1. $ 4(3x + 7) = 64 + 4x $



Step 1: Distribute the 4 on the left side:
$$
4 \cdot 3x + 4 \cdot 7 = 12x + 28
$$
So:
$$
12x + 28 = 64 + 4x
$$

Step 2: Subtract $4x$ from both sides:
$$
12x - 4x + 28 = 64
\Rightarrow 8x + 28 = 64
$$

Step 3: Subtract 28 from both sides:
$$
8x = 64 - 28 = 36
$$

Step 4: Divide by 8:
$$
x = \frac{36}{8} = \frac{9}{2} = 4.5
$$

Answer: $ x = \frac{9}{2} $ or $ 4.5 $

---

2. $ 16 = -4(2x - 5) $



Step 1: Distribute the $-4$:
$$
16 = -4 \cdot 2x + (-4) \cdot (-5) = -8x + 20
$$

Step 2: Subtract 20 from both sides:
$$
16 - 20 = -8x \Rightarrow -4 = -8x
$$

Step 3: Divide by $-8$:
$$
x = \frac{-4}{-8} = \frac{1}{2}
$$

Answer: $ x = \frac{1}{2} $

---

3. $ -8(6 + 5x) = 3x - 5 $



Step 1: Distribute the $-8$:
$$
-8 \cdot 6 + (-8) \cdot 5x = -48 - 40x
$$
So:
$$
-48 - 40x = 3x - 5
$$

Step 2: Add $40x$ to both sides:
$$
-48 = 43x - 5
$$

Step 3: Add 5 to both sides:
$$
-43 = 43x
$$

Step 4: Divide by 43:
$$
x = \frac{-43}{43} = -1
$$

Answer: $ x = -1 $

---

4. $ 33 = -3(1 + 4x) $



Step 1: Distribute the $-3$:
$$
33 = -3 \cdot 1 + (-3) \cdot 4x = -3 - 12x
$$

Step 2: Add $12x$ to both sides:
$$
33 + 12x = -3
$$

Step 3: Subtract 33 from both sides:
$$
12x = -3 - 33 = -36
$$

Step 4: Divide by 12:
$$
x = \frac{-36}{12} = -3
$$

Answer: $ x = -3 $

---

5. $ \frac{4x - 2}{5} = 0.4 $



Step 1: Multiply both sides by 5 to eliminate denominator:
$$
4x - 2 = 0.4 \cdot 5 = 2
$$

Step 2: Add 2 to both sides:
$$
4x = 2 + 2 = 4
$$

Step 3: Divide by 4:
$$
x = \frac{4}{4} = 1
$$

Answer: $ x = 1 $

---

6. $ \frac{2}{3}x - 6 = \frac{1}{3}x + 3 $



Step 1: Subtract $ \frac{1}{3}x $ from both sides:
$$
\left(\frac{2}{3}x - \frac{1}{3}x\right) - 6 = 3 \Rightarrow \frac{1}{3}x - 6 = 3
$$

Step 2: Add 6 to both sides:
$$
\frac{1}{3}x = 3 + 6 = 9
$$

Step 3: Multiply both sides by 3:
$$
x = 9 \cdot 3 = 27
$$

Answer: $ x = 27 $

---

7. Find the mistake and correct it:


$$
\frac{1}{4}(12x - 16) = 2x
$$

Incorrect solution (assumed):
If someone incorrectly distributes:
$$
\frac{1}{4} \cdot 12x = 3x,\quad \frac{1}{4} \cdot (-16) = -4
\Rightarrow 3x - 4 = 2x
$$
Then subtract $2x$: $x - 4 = 0$, so $x = 4$

But wait — that’s actually correct!

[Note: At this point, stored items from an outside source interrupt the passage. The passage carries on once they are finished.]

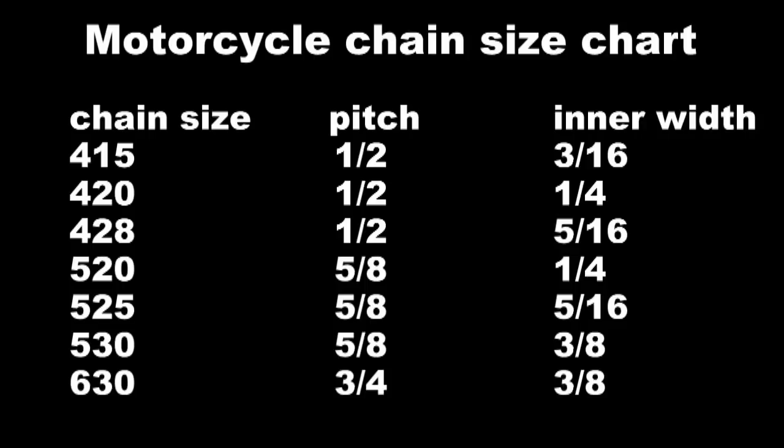So when you ride around on your Japanese motorcycle and you're looking for a brand new chain and sprockets and you look for a 520 chain, that number actually started off based on inches — that's how they came up with those numbers, the 520, 530, and all that.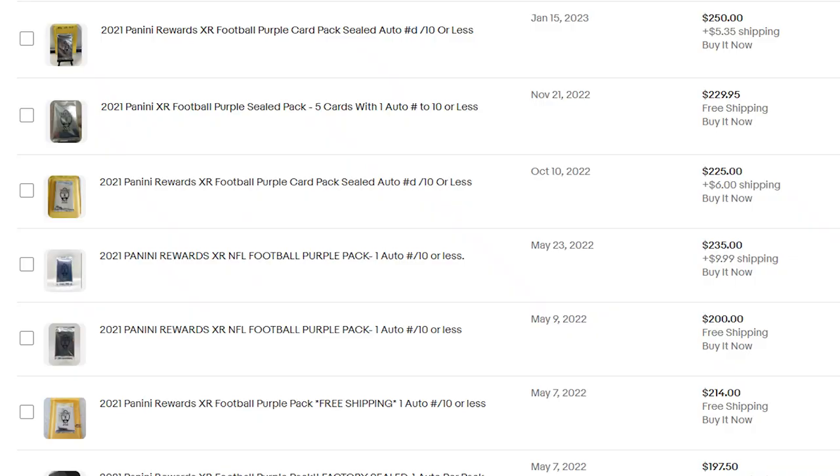I looked these up and they're doing pretty good — selling for over 200 bucks. I don't rip a lot of wax anymore. I'm a bulk buyer, collection buyer. That's where I feel like the best margins are and the best strategy to make money in sports cards. But it is still fun every once in a while to rip something.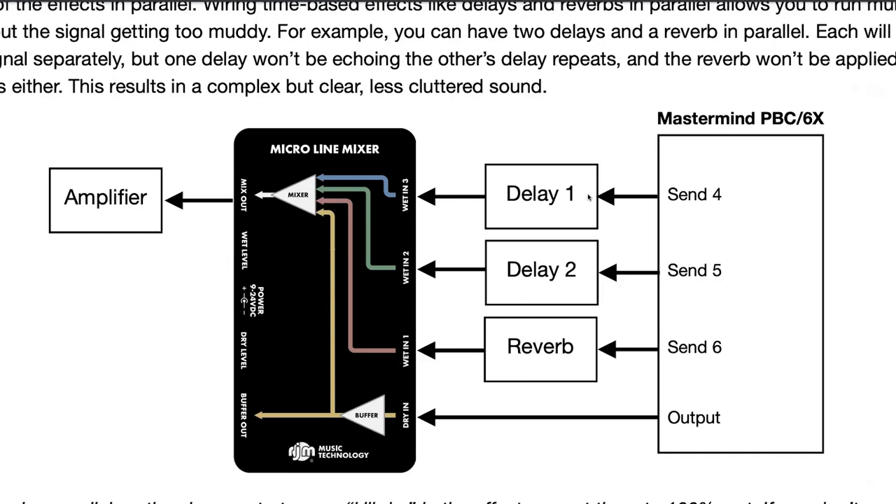One nice thing about this is that because you're not returning the effects back to the switcher, you get the delay and reverb tail benefit. When you switch off, say, loop four, you're no longer sending your signal to the delay, but the output of the delay continues to go through the mixer and to your amplifier. You might not be getting any new delay generated, but any prior ones will be allowed to trail off without being cut off abruptly, like they would be if you wired it in series.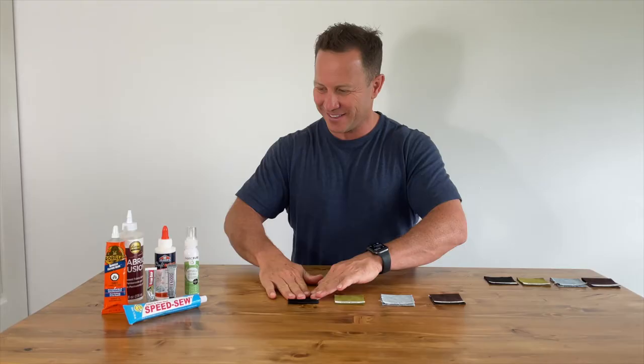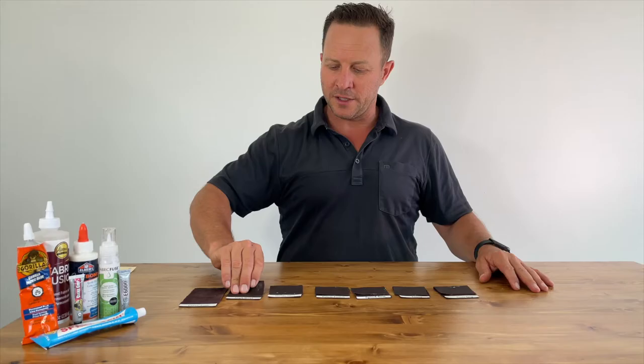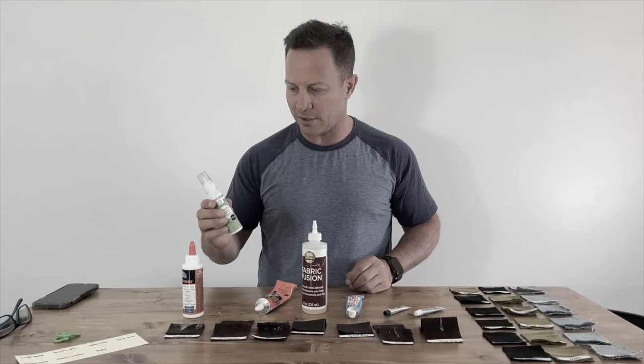Oh my goodness — 24 hours! So sorry, Craft Bond, this stuff stinks. Okay, so we're back a couple days later after gluing the porous side of the leather, so they've all had plenty of time to adhere. Fabric Fuse we didn't use because we couldn't get it out of the bottle — totally useless. And Craft Bond, let's just see.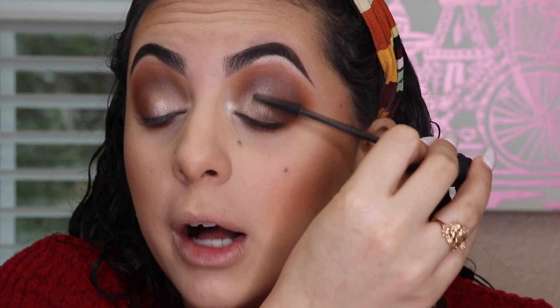Alright guys, that is going to be it for eyeshadow. For mascara, I'm just going to do two coats, because my last Valentine's Day tutorial was very dramatic with lashes and everything, and for this one I want to tone it down. You can always add a wing and a pair of lashes to make it more dramatic, but I want this to be more simple and classic. This is Benefit's Bad Gal Bang, so it'll still look pretty dramatic because this is an amazing mascara.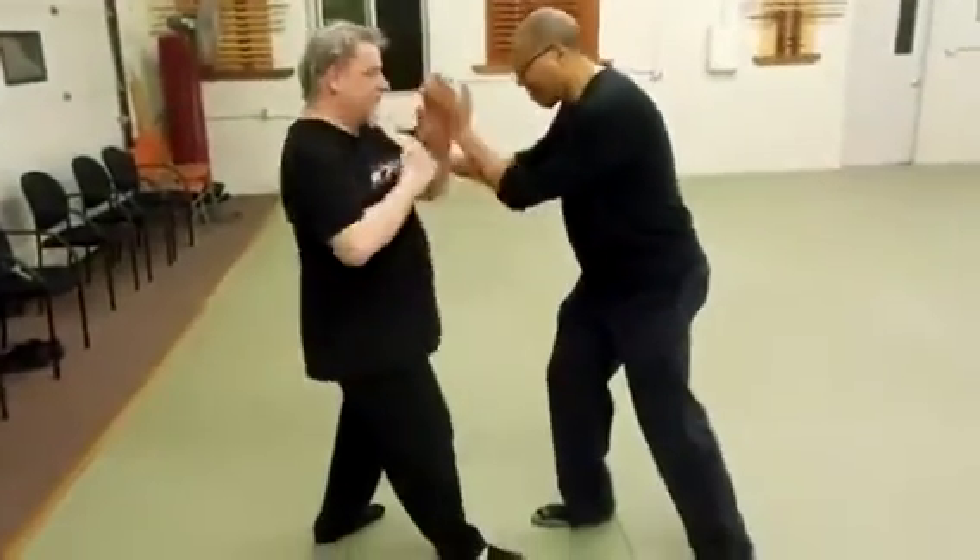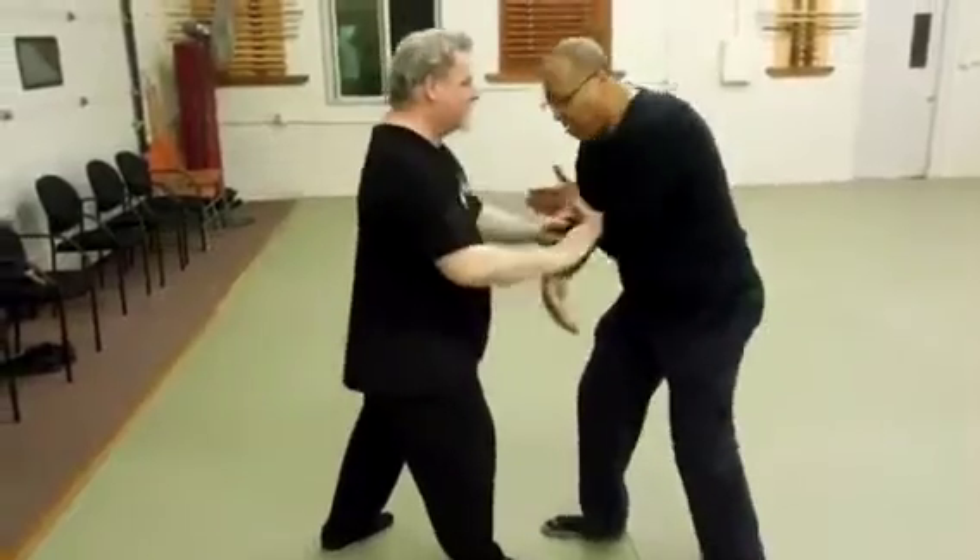So again, this time follow up with the camera. Push.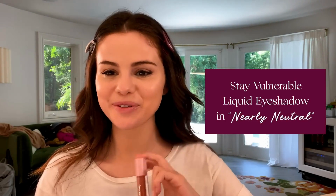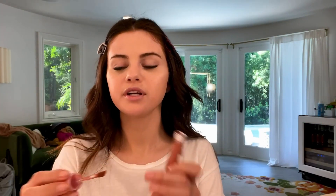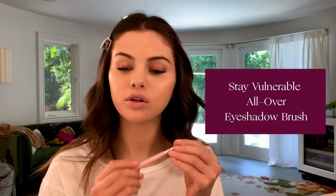Now I'm going to use my liquid eyeshadow, and the color is Nearly Neutral. They're very tiny and really cute on the go. The applicator, similar to the concealer, has this sort of edge feeling. I'm going to go in more towards the bottom of my lashes, because then from there I can move the product around. It definitely is highly pigmented — just barely without doing anything, you can see the color around my eye. It's such a beautiful, very natural color. And along with that, I'm going to be using the Stay Vulnerable All Over eyeshadow brush.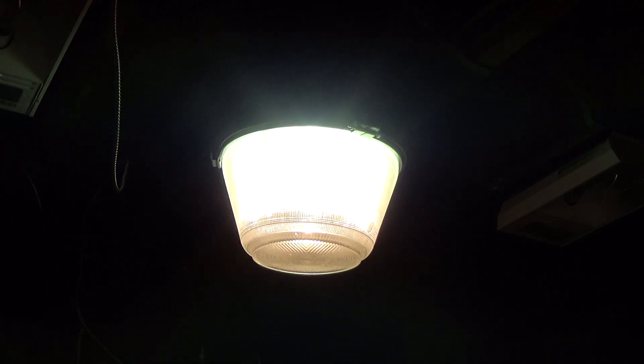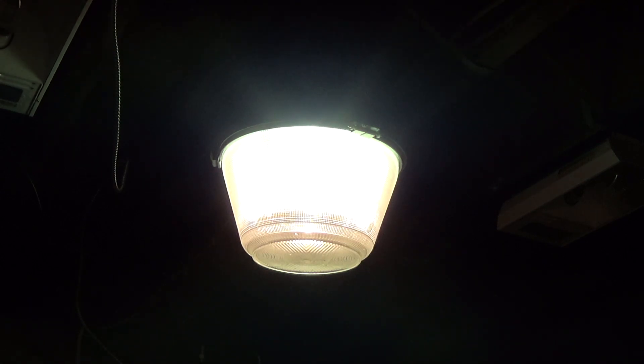I've had the fixture on for a while now — it's been running for minutes, it's up to full brightness, it's hot, it's ready to go. I'm going to unplug the light, give it a couple of seconds, and then plug it back in. According to the people in the comments, that's when we should see the quartz bulb illuminate.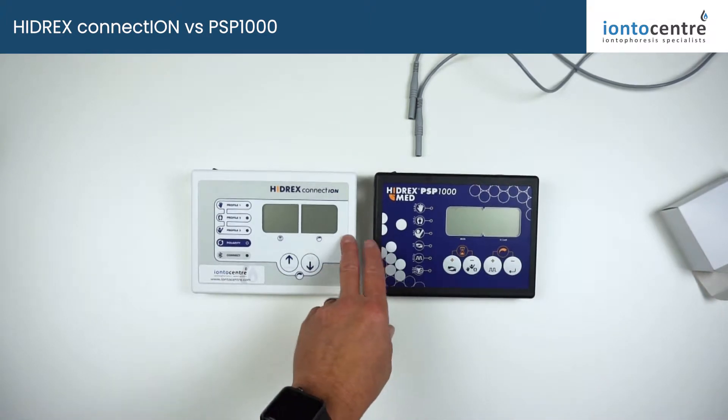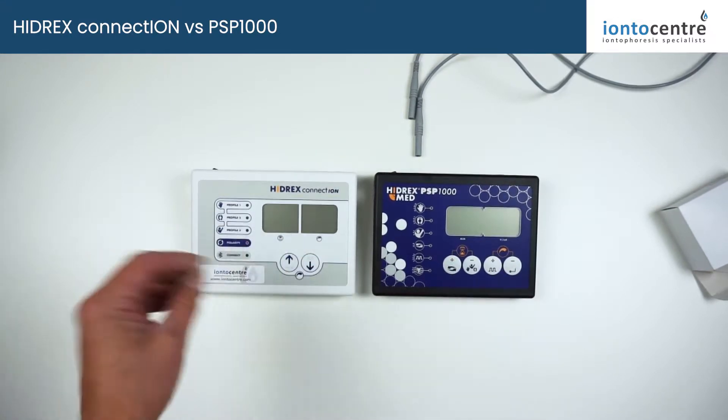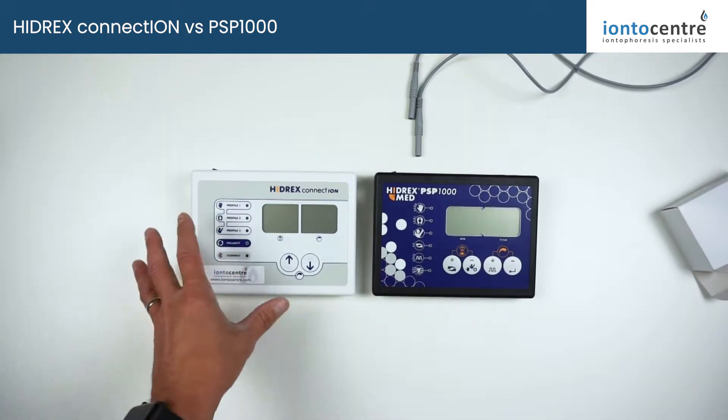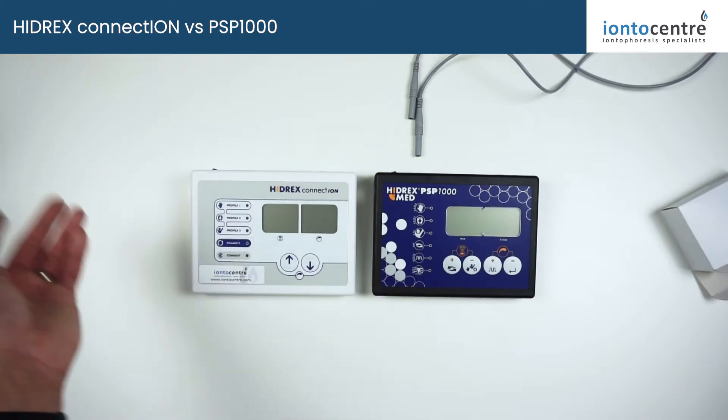This machine has direct current, pulse current, and also variable pulse current where you can adjust the on/off cycles for a much more efficient pulse current treatment. It's got automatic polarity switching so you don't need to worry about changing electrodes, changing direction of current flow, or pausing midway through.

Let's check:

$$
\frac{1}{4}(12x - 16) = 2x \\
\Rightarrow 3x - 4 = 2x \\
\Rightarrow x = 4
$$

Now verify:
Left: $ \frac{1}{4}(12(4) - 16) = \frac{1}{4}(48 - 16) = \frac{32}{4} = 8 $
Right: $ 2(4) = 8 $

So the equation is correct, but maybe the student didn't show steps?

Wait — the problem says “Find the mistake and correct it.” But there's no visible mistake in the equation itself. Perhaps a common mistake is not distributing correctly, such as:

Mistake: $ \frac{1}{4}(12x - 16) = 3x - 16 $ → wrong!

Correct: $ \frac{1}{4} \cdot 12x = 3x $, $ \frac{1}{4} \cdot (-16) = -4 $

So mistake: Forgetting to multiply $-16$ by $\frac{1}{4}$

Corrected:
$$
\frac{1}{4}(12x - 16) = 3x - 4 = 2x \\
\Rightarrow 3x - 4 = 2x \\
\Rightarrow x = 4
$$

Answer: The mistake is not distributing the $\frac{1}{4}$ to both terms. Correct distribution gives $3x - 4 = 2x$, so $x = 4$.

---

8. Find the mistake and correct it:


$$
-4 + 14x = -12 + 12x
$$

Suppose someone does this:

Add $12$ to both sides: $8 + 14x = 12x$

Subtract $14x$: $8 = -2x$, so $x = -4$

But let's do it properly:

Step 1: Subtract $12x$ from both sides:
$$
-4 + 14x - 12x = -12 \Rightarrow -4 + 2x = -12
$$

Step 2: Add 4 to both sides:
$$
2x = -8
$$

Step 3: Divide by 2:
$$
x = -4
$$

So again, if they did it correctly, they get $x = -4$. But maybe the mistake is in combining like terms incorrectly.

For example, suppose someone writes:

Mistake: $-4 + 14x = -12 + 12x$ → subtract $12x$: $-4 + 2x = -12$ → then adds $4$ to get $2x = -8$, $x = -4$ — that's correct.

But maybe someone adds $12x$ to both sides instead of subtracting, or misplaces signs.

Another possible mistake:
Someone might write:
$$
-4 + 14x = -12 + 12x \\
\Rightarrow 14x - 12x = -12 + 4 \Rightarrow 2x = -8 \Rightarrow x = -4
$$

That’s correct.

So perhaps the mistake is in assuming no solution or infinite solutions when it has one.

Or maybe a common error:
Incorrect: Move $12x$ to left as $+12x$: $-4 + 14x + 12x = -12$ → $-4 + 26x = -12$ → $26x = -8$ → $x = -\frac{4}{13}$ — wrong!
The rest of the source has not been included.